Patonga to Wondabyne

 

Date:   Sunday 17th April 2015

Track:   For the most part, the track follows the old Great North Road. It’s hilly, and rocky or sandy mostly, sometimes muddy, partly along dirt roads. The total length is 18 kilometres. There are some very well made sections, with wonderfully wrought stairs. Mostly, though, it’s a rough going, with some high step-ups and step-downs. Many sections cross broad, fascinatingly patterned rock platforms. It’s a steep, scrambling descent to Wondabyne Station. Overall grade medium to hard.

Weather:   Overcast, around 20 degrees C for most of the day. Very humid. Rain for the last hour. Just as the rain started, we had the wits scared out of us by a lightning strike somewhere close to us. The bush all around was suddenly suffused by bright shimmering light, followed immediately by a horrifyingly loud, prolonged peal of thunder!

Access:   Diana and I travelled by train to Hawkesbury River Station, where we met up with the others who had driven to Brooklyn. We had booked a water taxi to take us across the Hawkesbury and downstream to sleepy Patonga, a 20 minute trip, $120 for the four of us.

At the end of the walk, we emerged out of the bush onto a very picturesque reach of the Hawkesbury, at Wondabyne Station. It’s only one carriage-length long, and you have to flag down the train if you want to get on.

If you want to do the walk the other way, you have to tell the train guard that you want you get off at Wondabyne, or the train doesn’t stop.

Roger and Daniel travelled only one stop, back to Hawkesbury River Station, to pick up their cars. Diana and I rested our weary bones and enjoyed the scenery all the way to Central Station.

Who:   Peter, Diana, Roger, Daniel

Duration:   About seven and a half hours, with plenty of breaks. It would be hard to go much faster, but the views towards Broken Bay, the rock formations and the diversity of plants, all quite unspoiled make one disinclined to hurry anyway.

Comments:   I highly recommend travelling by train. It’s very relaxing, and the line passes through some beautiful scenery. Far better than spoiling a lovely walk by having to negotiate Sydney roads!

Brooklyn is a pleasant secluded township, with a decent pub and good fish and chips! We had an excellent coffee at Patonga before setting out.

The water taxi may sound expensive, but it’s really the only option. It’s cheaper per person for bigger groups: $100 for first 2 passengers, then $10 each for the rest.

Wondabyne Station is just a siding, perched on the bank of the Hawkesbury. A cheerful station attendant was there to greet us (or perhaps just a helpful local), who lived across the river and rowed across to  the station.

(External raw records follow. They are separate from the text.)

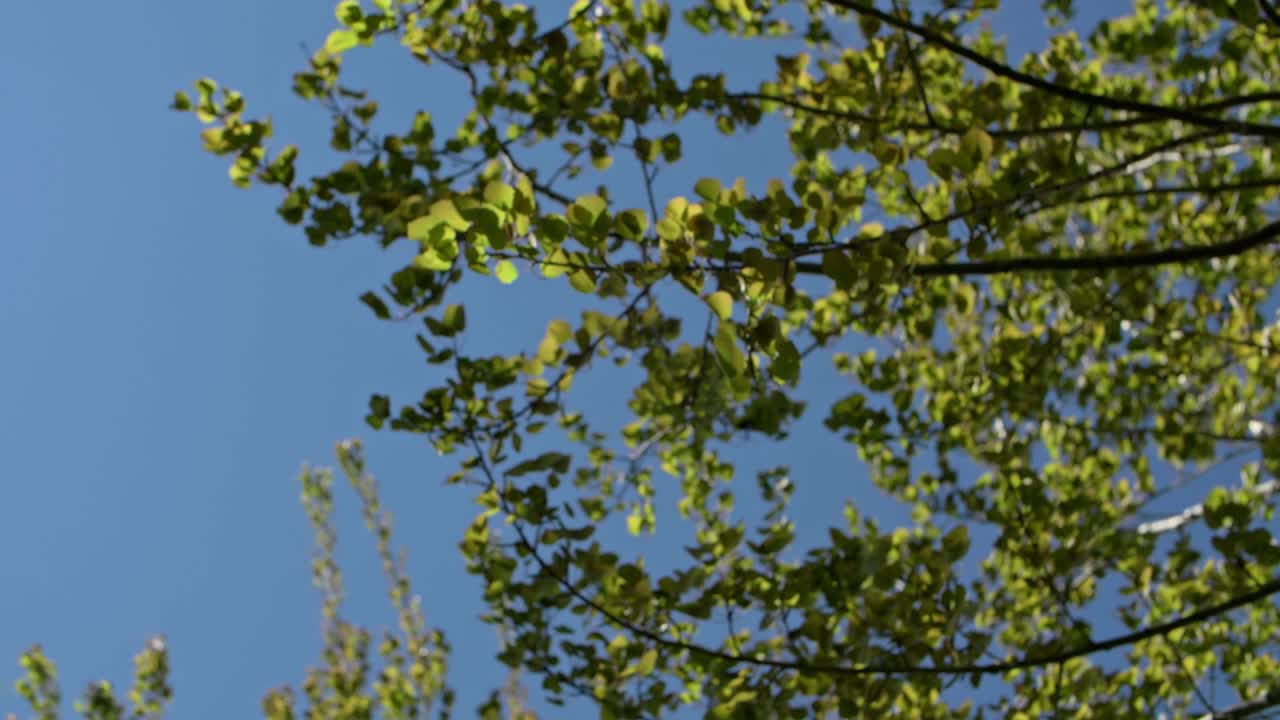 파란색 배경의 바람에 자작나무 덤불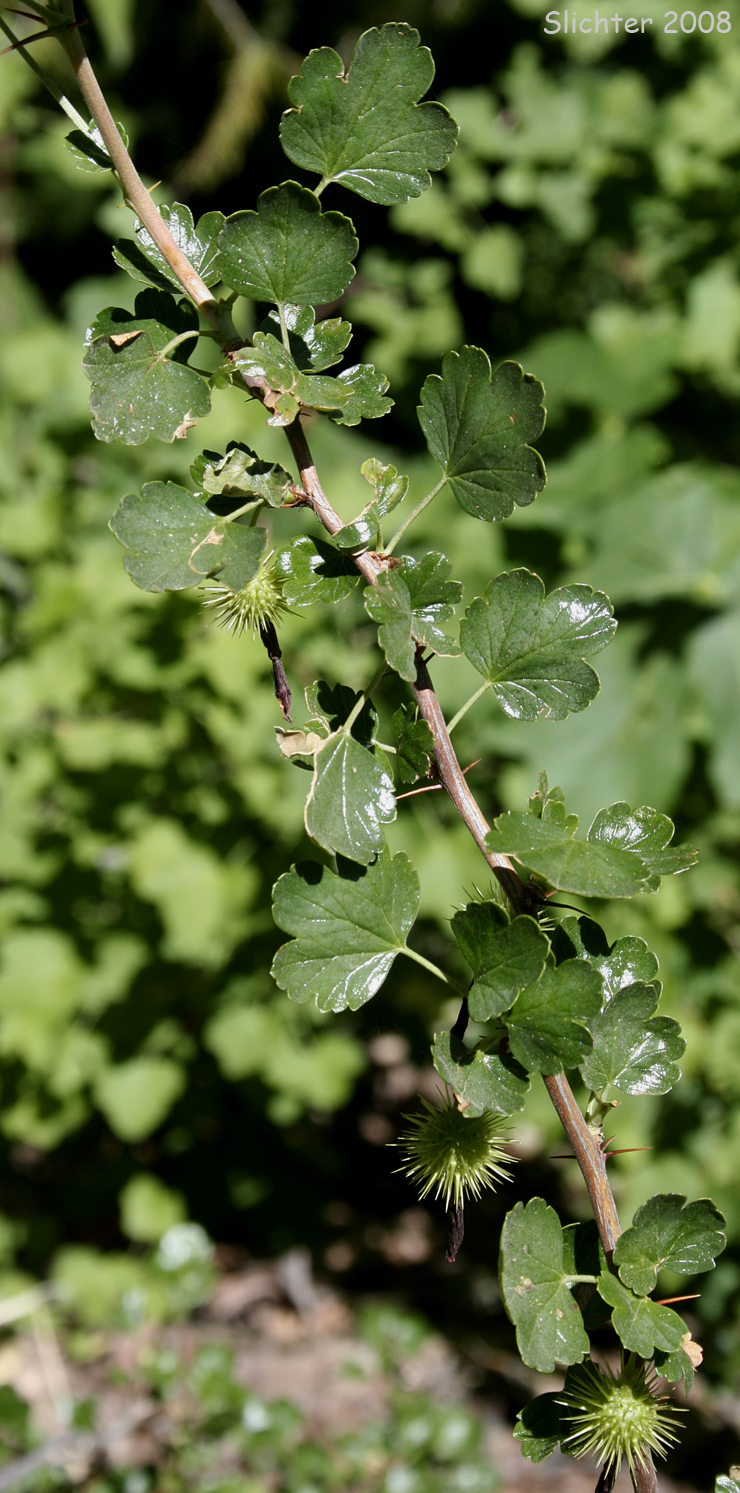 Shinyleaf Currant: Ribes roezlii var. cruentum (Synonyms: Grossularia cruenta, Ribes cruentum, Ribes cruentum var. cruentum)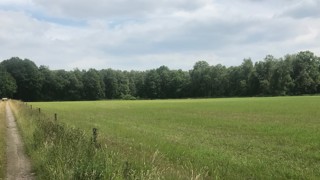 weiland met bospad en houtwallen op achtergrond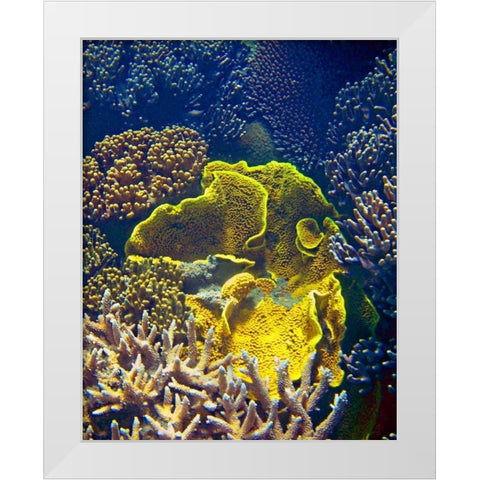 Barrier Reef Coral III White Modern Wood Framed Art Print by Mansfield, Kathy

The vegetation along the track was diverse and constantly changing. at the Patonga end we passed through cabbage tree palms (Livistona australis), tree ferns, grass trees (Xanthorhea) and cycads among the magnificent mature gum trees (angophora and scribbly gum mostly). There were abundant banksias, of various kinds, grevilleas, acacias, lambertia, bacon-and-egg, hakeas, shrubby casuarinas, ti-trees and, of course, numerous plants I couldn’t identify. At one point the track was fringed by carnivorous sundews (Drosera), like sea anemones, sparkling with water droplets on their prehensile tendrils.

At our morning tea stop, alongside a little cascade trickling over a broad rocky overhang, we came across some some aboriginal spear-rubbings. The rock platforms along the ridges are fascinating, pocked and scored with meandering erosion lines, patterned with streams of darker stone, sculpted, rounded and smoothed by eons of the passage of water. In shallow depressions, where silt has gathered and moss has grown, stunted casuarinas grow like natural bonsai gardens.

There were numerous birds, including New Holland honeyeaters, fantails, wattle birds and one brown cuckoo dove. We were surrounded by birdcalls, some identifiable, some not, but the bush was so dense we often couldn’t see the birds. Sadly, we also came across a recently deceased big handsome blue-tongue lizard.